Jeff Streeby
Local Color
Mid-March.
At work among the Mandan lodges,
Catlin hears ice give way,
turns to see 1000 bison drown.
In his grave on the loess bluff, brave Huya-Na straddles his buffalo horse. From her own hill, First Bride looks east. Just upriver, Bruguier's cottonwood cabin has been carefully conserved. Any geography, even one undistinguished as this, may have its layers of trivial incidents sealed up in myth. The Temperance Crusader's memorial at Third and Water wears gradually smooth. Brittle newspapers in archives show his killer, a handsome young brew-master, posed with the smiling jury that has set him free. One by one, all the controversies die of old age. Their famous partisans grow silent and vanish. Generation by generation, passionate souls ripen then disappear. For them, for us, everything sinks into an equal obscurity. The Livestock Exchange, Symphony Hall, the Brewery, Union Station, all are razed. Furniture and fittings of the Chicago House have been sold at auction. The massive sandstone arches of the Davenport Hotel now shelter under their Prairie Gothic grandeur only a failing second-hand store.

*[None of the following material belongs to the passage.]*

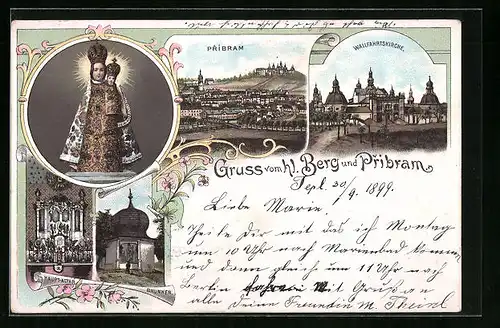 Lithographie Pribram, Wallfahrtskirche, Brunnen, Hauptaltar und Madonna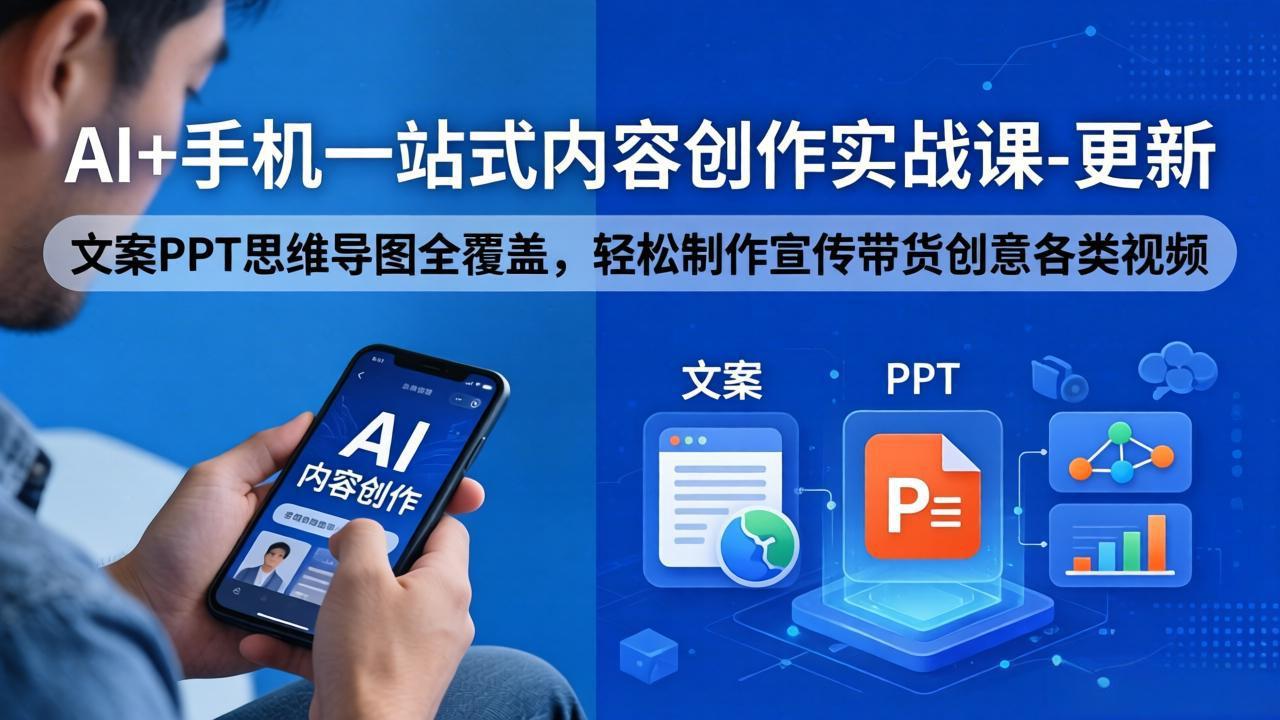 （18204期）AI+手机一站式内容创作实战课-更新，文案PPT思维导图全覆盖，轻松制作宣传带货创意各类视频-翌晨科技网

Beneath the clutter of commonplace incidents, every legend falls. The Expedition passed. A bronze plaque locates their Council Oak, killed by lightning in '72. Gravity has been at work on Floyd's bones for more than 200 years. Vanitas vanitatum, omnia vanitas—isn't that what they say? Nothing is ever memorable enough. In every season, the clay cliff face of Prospect Hill is pocked with swallows' burrows. Year after year, it surrenders its predictable millimeters to wind and rain. The place where the founders stood has long since fallen away. There is nothing for it. Our histories lap over each other, every little denouement just one small bract among many that sheath the long trend. In spite of our collective cleverness, we are bound to forget everything. Our monuments, wherever they rise, anchor nothing more than their own spinning shadows. Words to all the ballads change. Sunsets backlight one dead-end after another. The narrow niche forever emptied of its billion pigeons now fills top-full again with starlings.